Response to Discussion Paper on Religion and World Order

By: Leo Lefebure

September 24, 2015

Religion and World Order

I would like to thank Tom Banchoff for his excellent paper. I agree with the major points that Tom makes in his Discussion Paper on Religion and World Order. The context of the international scene has indeed become secular, but religion continues to be a factor in world affairs.

In the historical narrative, Tom cites events such as the Reformation and the Peace of Westphalia in this process. This is certainly true, but the process of secularization of governing authority has roots that go back much earlier. Medieval historians often stress the transformational significance of the conflict between the popes during the Gregorian Reform of the eleventh century and the Holy Roman Emperors. During the early Middle Ages, Christian rulers in Western Europe followed the Byzantine model of sacred empire derived from Constantine and Eusebius of Caesarea; they viewed their governing authority as a divine mandate to care for both ecclesia (church) and mundus (world), with little sense of any distinction between these areas. Eleventh-century popes beginning with Pope Leo IX challenged this paradigm. While the most dramatic moment in the long conflict was the penance of Emperor Henry IV in the snows at Canossa in January 1077 seeking absolution from Pope Gregory VII, arguably the most important moment came in 1111, when Pope Paschal II and Emperor Henry V made a formal distinction between the secular and the sacred roles of bishops and agreed that the emperor would no longer invest bishops with the symbols of the sacred authority, the ring and the crozier. This was confirmed and formalized in Concordat of Worms 1122, where Henry V agreed to invest the bishops with the scepter as a symbol of secular authority but not to confer any symbol of sacred authority. This resolution of the investiture controversy was accepted by the First Lateran Council in 1123. The formal distinction between the sacred and the secular paved the way for later political theorists to explore alternative theories of governance. 

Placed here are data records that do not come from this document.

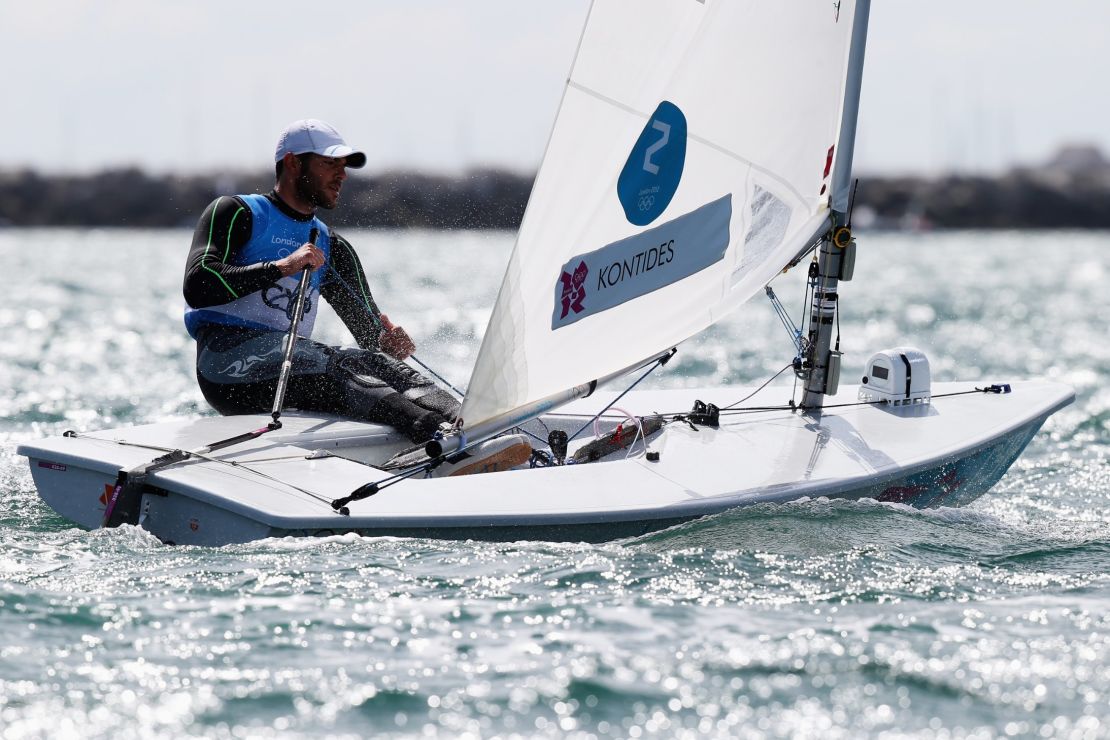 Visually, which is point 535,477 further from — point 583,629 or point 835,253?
point 835,253

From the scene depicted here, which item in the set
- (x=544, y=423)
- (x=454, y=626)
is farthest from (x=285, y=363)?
(x=454, y=626)

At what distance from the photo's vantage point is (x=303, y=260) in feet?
14.6

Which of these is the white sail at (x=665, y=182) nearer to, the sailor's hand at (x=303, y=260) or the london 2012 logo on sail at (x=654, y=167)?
the london 2012 logo on sail at (x=654, y=167)

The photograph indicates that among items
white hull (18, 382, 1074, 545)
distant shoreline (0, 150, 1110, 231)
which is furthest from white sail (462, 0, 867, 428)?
distant shoreline (0, 150, 1110, 231)

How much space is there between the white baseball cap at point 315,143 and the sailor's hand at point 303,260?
0.42 metres

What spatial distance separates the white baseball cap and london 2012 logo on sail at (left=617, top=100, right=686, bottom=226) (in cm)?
95

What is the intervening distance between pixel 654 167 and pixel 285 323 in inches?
55.4

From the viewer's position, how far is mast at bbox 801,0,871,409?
4.88 m

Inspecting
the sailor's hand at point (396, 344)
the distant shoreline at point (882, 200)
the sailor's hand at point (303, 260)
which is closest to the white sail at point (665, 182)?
the sailor's hand at point (303, 260)

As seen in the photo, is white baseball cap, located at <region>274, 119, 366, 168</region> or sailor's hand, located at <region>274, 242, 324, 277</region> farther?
white baseball cap, located at <region>274, 119, 366, 168</region>

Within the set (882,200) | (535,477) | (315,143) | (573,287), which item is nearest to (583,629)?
(535,477)

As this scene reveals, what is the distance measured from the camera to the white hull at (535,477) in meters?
3.94

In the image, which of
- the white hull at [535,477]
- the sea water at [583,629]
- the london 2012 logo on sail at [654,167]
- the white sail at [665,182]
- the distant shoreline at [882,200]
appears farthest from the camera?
the distant shoreline at [882,200]

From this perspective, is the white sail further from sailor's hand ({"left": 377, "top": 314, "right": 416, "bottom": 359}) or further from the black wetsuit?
sailor's hand ({"left": 377, "top": 314, "right": 416, "bottom": 359}) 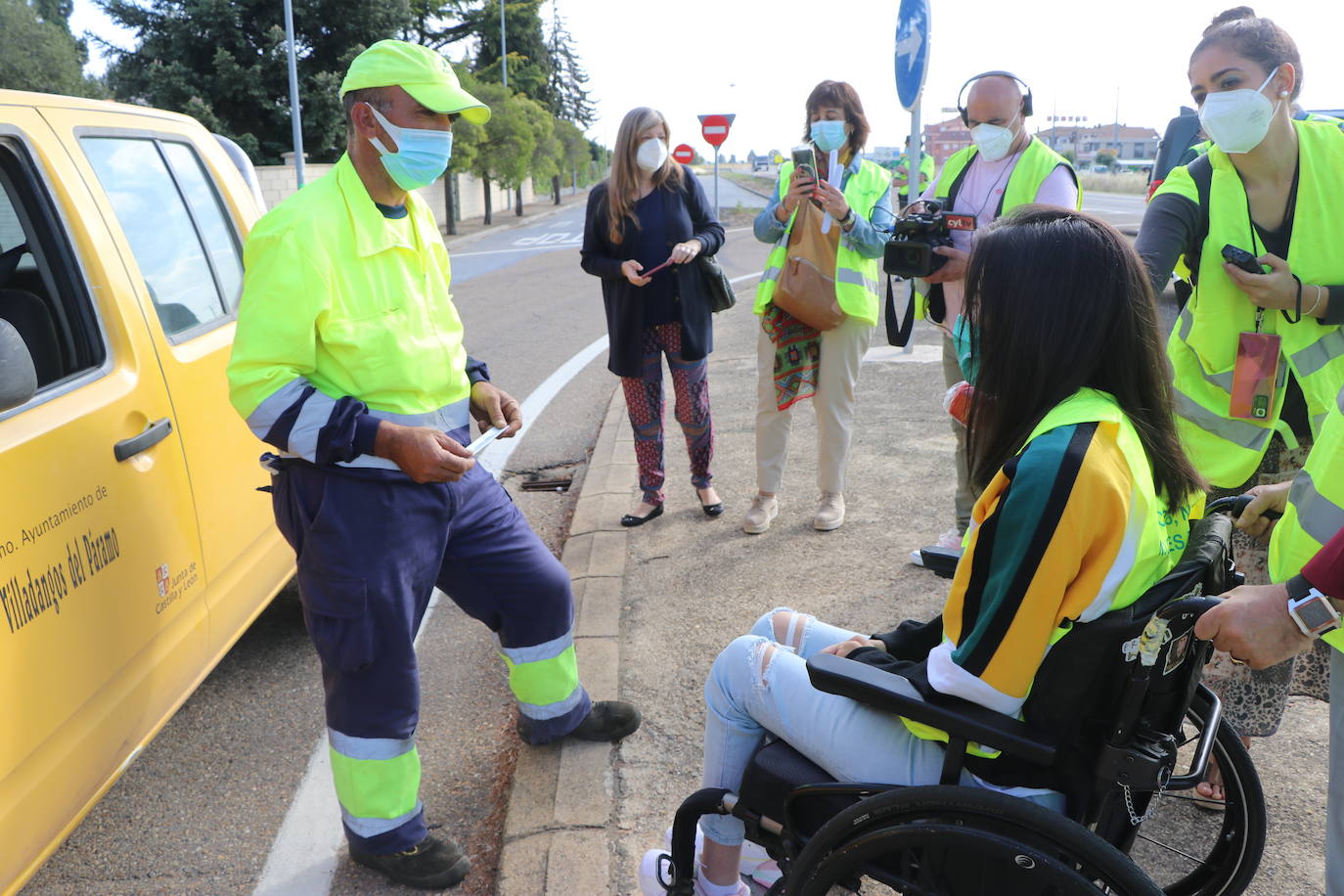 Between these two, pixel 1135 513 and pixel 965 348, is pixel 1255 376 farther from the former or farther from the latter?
pixel 1135 513

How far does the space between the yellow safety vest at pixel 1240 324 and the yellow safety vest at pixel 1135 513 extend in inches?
34.8

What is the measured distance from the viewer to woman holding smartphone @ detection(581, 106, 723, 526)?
479 cm

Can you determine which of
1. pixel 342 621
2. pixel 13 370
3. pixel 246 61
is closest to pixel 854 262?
pixel 342 621

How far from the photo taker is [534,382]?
896 cm

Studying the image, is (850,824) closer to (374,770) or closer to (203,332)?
(374,770)

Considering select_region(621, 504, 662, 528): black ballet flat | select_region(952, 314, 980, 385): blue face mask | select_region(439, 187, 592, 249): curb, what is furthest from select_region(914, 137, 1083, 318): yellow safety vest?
select_region(439, 187, 592, 249): curb

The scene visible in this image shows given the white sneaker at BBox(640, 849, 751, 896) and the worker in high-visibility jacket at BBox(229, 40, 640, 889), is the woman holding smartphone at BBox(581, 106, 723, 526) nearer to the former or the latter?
the worker in high-visibility jacket at BBox(229, 40, 640, 889)

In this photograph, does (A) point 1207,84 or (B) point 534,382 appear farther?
(B) point 534,382

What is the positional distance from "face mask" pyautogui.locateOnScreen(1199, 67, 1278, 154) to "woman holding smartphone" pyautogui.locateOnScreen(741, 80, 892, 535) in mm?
1857

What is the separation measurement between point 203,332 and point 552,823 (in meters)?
1.83

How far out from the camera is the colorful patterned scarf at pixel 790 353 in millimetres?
4793

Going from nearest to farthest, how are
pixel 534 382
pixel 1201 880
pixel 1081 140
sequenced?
pixel 1201 880 → pixel 534 382 → pixel 1081 140

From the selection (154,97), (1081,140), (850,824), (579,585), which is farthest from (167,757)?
(1081,140)

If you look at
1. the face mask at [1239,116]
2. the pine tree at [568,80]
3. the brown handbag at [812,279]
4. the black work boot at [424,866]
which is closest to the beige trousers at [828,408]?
the brown handbag at [812,279] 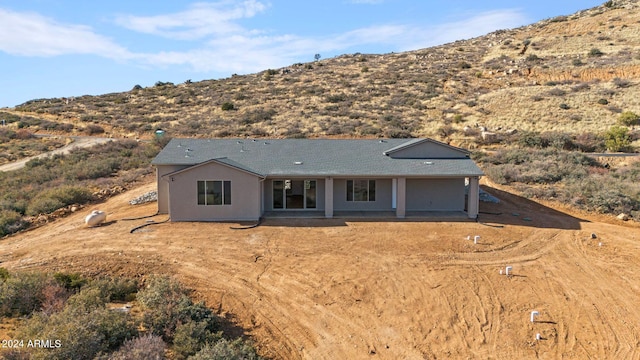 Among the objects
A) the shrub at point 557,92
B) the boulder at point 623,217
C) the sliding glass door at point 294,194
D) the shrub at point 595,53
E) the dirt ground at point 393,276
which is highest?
the shrub at point 595,53

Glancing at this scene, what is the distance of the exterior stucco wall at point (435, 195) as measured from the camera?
20750 millimetres

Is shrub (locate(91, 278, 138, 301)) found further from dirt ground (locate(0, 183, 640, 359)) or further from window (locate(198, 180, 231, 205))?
window (locate(198, 180, 231, 205))

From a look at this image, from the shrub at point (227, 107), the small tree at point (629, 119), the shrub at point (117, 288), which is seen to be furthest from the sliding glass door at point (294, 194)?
the small tree at point (629, 119)

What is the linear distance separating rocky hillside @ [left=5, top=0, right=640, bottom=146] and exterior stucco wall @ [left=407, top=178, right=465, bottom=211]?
16.7 meters

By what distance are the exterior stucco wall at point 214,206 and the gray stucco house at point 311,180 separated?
0.15ft

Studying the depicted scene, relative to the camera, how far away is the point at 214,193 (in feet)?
61.0

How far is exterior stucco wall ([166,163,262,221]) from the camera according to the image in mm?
18344

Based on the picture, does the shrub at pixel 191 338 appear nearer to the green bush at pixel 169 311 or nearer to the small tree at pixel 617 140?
the green bush at pixel 169 311

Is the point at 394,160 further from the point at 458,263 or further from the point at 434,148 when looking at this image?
the point at 458,263

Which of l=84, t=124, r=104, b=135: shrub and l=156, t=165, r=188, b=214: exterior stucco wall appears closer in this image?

Regarding the role of religion in world affairs today, Tom rightly points to areas where religion continues to play an important role. He mentions the civil religion of the United States, which to my mind presents an interesting irony. The founders of the United States of America generally viewed the legacy of Constantine and Eusebius in a negative light. They very pointedly did not want to imitate Constantine and found a new Christian Byzantine Empire, and they certainly did not want a sacred monarch to rule over them in the name of God. Nonetheless, in launching a nation with a worldwide mission to spread peace and justice under God’s providence, they may have resembled the Constantinian heritage more strongly than they would have cared to admit. Constantine affirmed religious freedom in principle but also set ominous precedents in legislation regarding Jews; the Constitution of the United States promised the free exercise of religion, but this was never granted to enslaved African-American Muslims. Moreover, the God-given “Manifest Destiny” of the United States meant repeated attacks upon the people of the First Nations of the land, the Native Americans. The experience of sacred empire and religious freedom in the United States involves a complex, conflicted, and sometimes contradictory relationship with the Constantinian heritage. Reinhold Niebuhr warned that we should be distrustful of those who pretend to play the role of God in history, warning: “All historic virtues and achievements are more ambiguous and fragmentary, than we are inclined to believe.” 

Tom also mentions the possibility of transregional catastrophes altering the current international system and possibly giving rise to new religious movements. The current debacle of migrants from North Africa and the Middle East seeking refuge in Europe may be a harbinger of far larger forced migrations to come. Some scholars, including Prof. Norman Myers of Oxford University, have warned of massive forced migration due to global warming in the coming decades, possibly affecting 200 million people; Secretary of State John Kerry recently made a similar warning at a State Department conference on climate change. Pope Francis’s recent encyclical Laudato Si places the issue of integral ecology at the center of the international interreligious agenda, and he may well raise this issue before both the US Congress and the UN General Assembly during this coming week. Time will tell what effect religious interventions may have on this ongoing challenge.